King’s launches £50m access campaign, with guaranteed bursaries for disadvantaged students
The launch of the college’s initiatives has been criticised by CUSU Access Officer Shadab Ahmed for “chasing headlines”
King’s College has launched a £50m campaign to improve access for admissions at the college, funding a number of initiatives that seek to aid applicants from socially and economically disadvantaged backgrounds.
These initiatives include the creation of ten new undergraduate places to King’s existing annual intake of 130, reserved for students from disadvantaged backgrounds. Half of these new places will be reserved for graduates of Cambridge’s transition programme.
The foundational course, which is expected to be implemented by 2021/22, will be an academically-rigorous transitional period for students “who have ability and potential but who have experienced educational disadvantage”, according to Professor Graham Virgo, Cambridge’s pro-vice-chancellor for education.
Furthermore, King’s plans to launch a “post offer of a place at Cambridge but pre-A level scheme exams” tuition scheme for state school applicants, which the College argues is “needed to reduce the much higher incidence of state school offer holders failing to attain their required A-level grades when compared with their privately educated peers.”
The initiatives will be funded by rental income from the building of two new halls of residence which have been funded by a £33m gift from an alumnus.
CUSU Access and Funding Officer Shadab Ahmed criticised this method of funding access schemes, arguing that “this means the very students King’s is proud to be home to, namely those who are state-educated, will have to bare [sic] the brunt of furthering access through their rent prices”, adding, “students’ living costs should not be the main source of revenue for funding outreach work.”
King’s is usually among the colleges with the highest intake of state school students, with 69% of its 2017 admissions cohort from state-schools, compared to a university-wide intake of 64.1% of Home students being from the maintained sector.
Ahmed did however praise the College’s initiative to provide an offer-holder tuition scheme, arguing that socioeconomically disadvantaged students have an “increased risk of missing their offers due to their home and/or schooling environments”.

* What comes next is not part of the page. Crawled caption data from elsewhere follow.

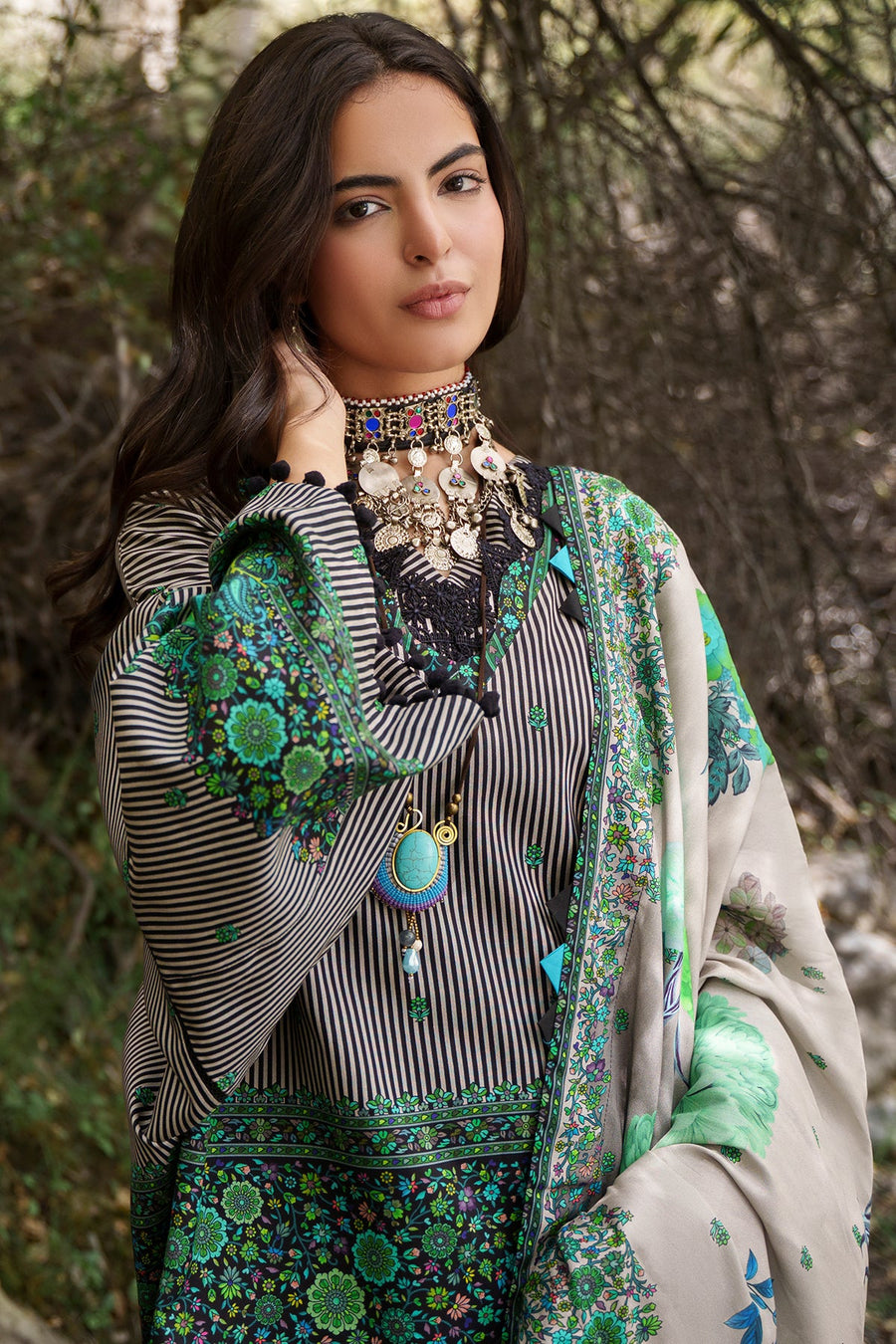 Charizma C-Print Printed Linen Unstitched 3Pc Suit CPW6-05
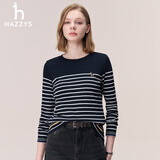 哈吉斯（HAZZYS）女装 2026新款秋季女士长T经典圆领条纹休闲长袖T恤女ABTSE0DCF05 藏青色NV L (165/88A 40)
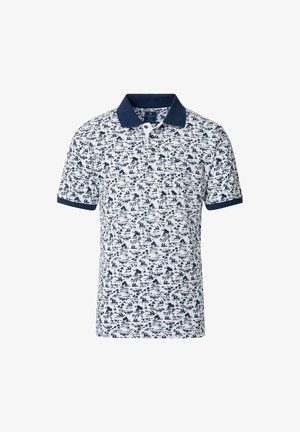 Polohemd mit weißem Grund und marineblauen Blumen- und Naturmustern, einem marineblauen Kragen und kurzen Ärmeln mit marineblauen Akzenten.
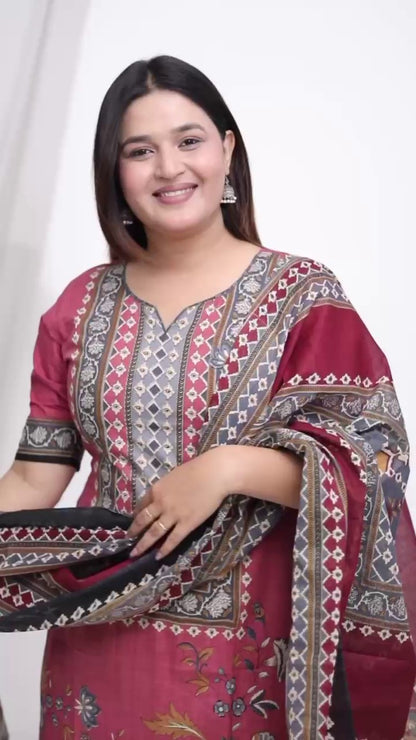 [Ready SG Stock]  Plus Size Comfortable Cotton 3 Pcs Punjabi Suit With Dupatta [INDIAN DRESS]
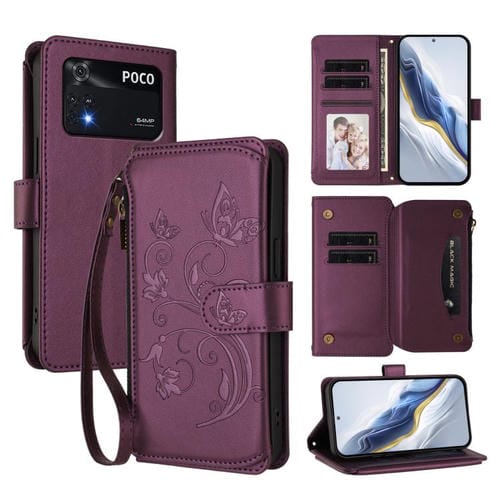 Funda de cuero con cremallera para Xiaomi Poco M4 Pro 4G, diseño de mariposas, flores y múltiples tarjetas (morado oscuro)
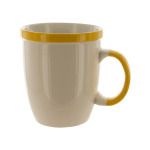 12-Ounce White Mug with Yellow Trim
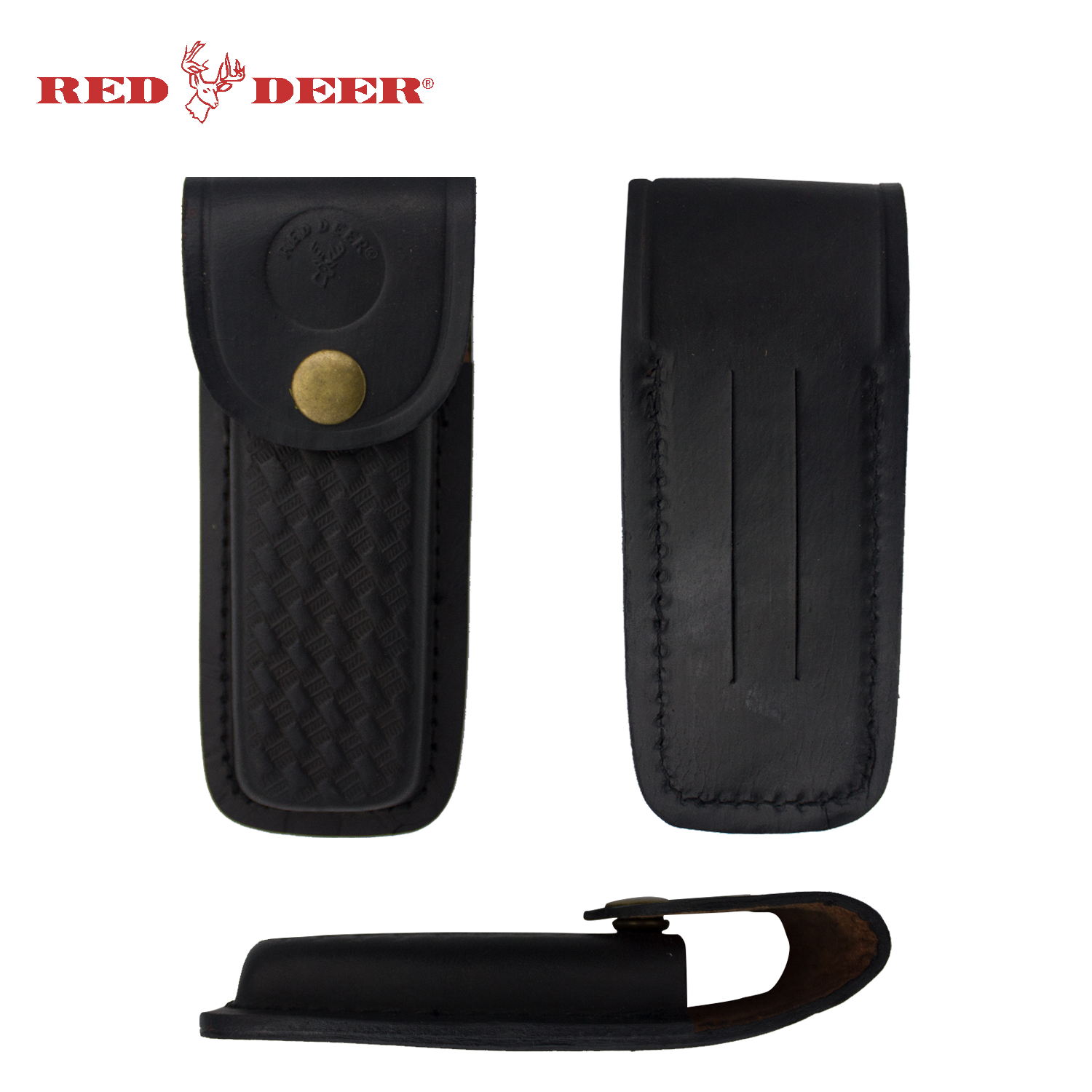 Red Deer Genuine Leather Folding Knife Carrying Case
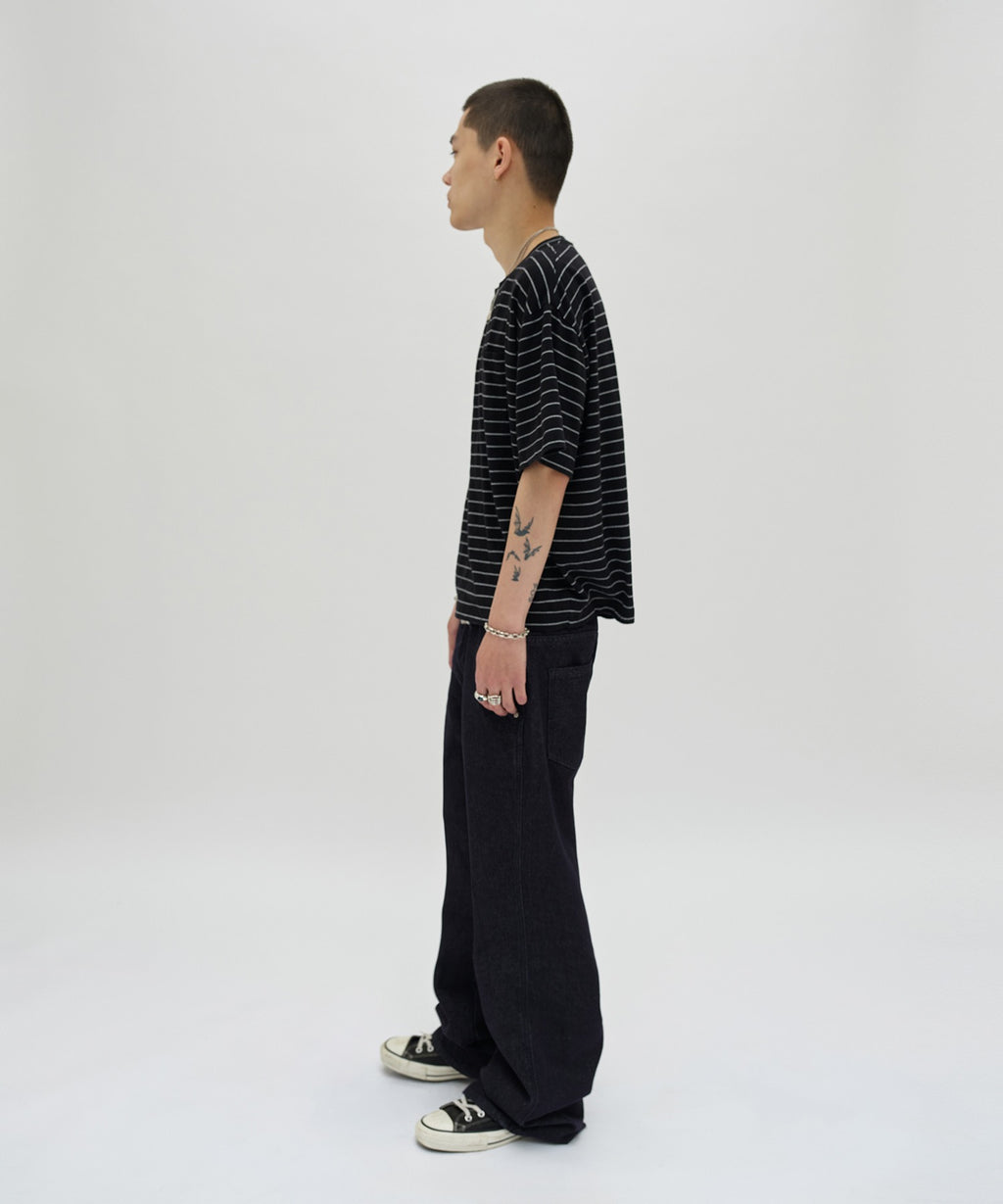 TEXTURED POCKET TEE [BLACK WHITE]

The campaign launched by King’s will also seek to improve access for students once at Cambridge, as King’s will now provide annual bursaries of £3,000 to all of its undergraduates from economically disadvantaged backgrounds. A number of other colleges, such as St John’s and Newnham, provide bursaries in addition to the university-wide Cambridge bursary, but this is not uniform across all colleges in the University.
Ahmed argued that “colleges should work together, collaboratively, alongside the university” in order to “allow for a pooling of resources, to create a cohesive experience for students as a whole, across all colleges, and not a select few”.
A scheme proposed in April by the Colleges Bursaries Taskforce, convened by the Senior Tutors’ Committee, one of Cambridge’s top governing bodies, aimed to take the disparate variety of bursary models across colleges and integrate them into the main Cambridge Bursary Scheme. However, at present, King’s proposed bursary appears to add to the inequalities between colleges’ provisions of bursaries.
In October, Cambridge Vice-chancellor Stephen Toope announced the launch of a campaign to raise at least £500m over the next six years to reform the University’s financial student support system.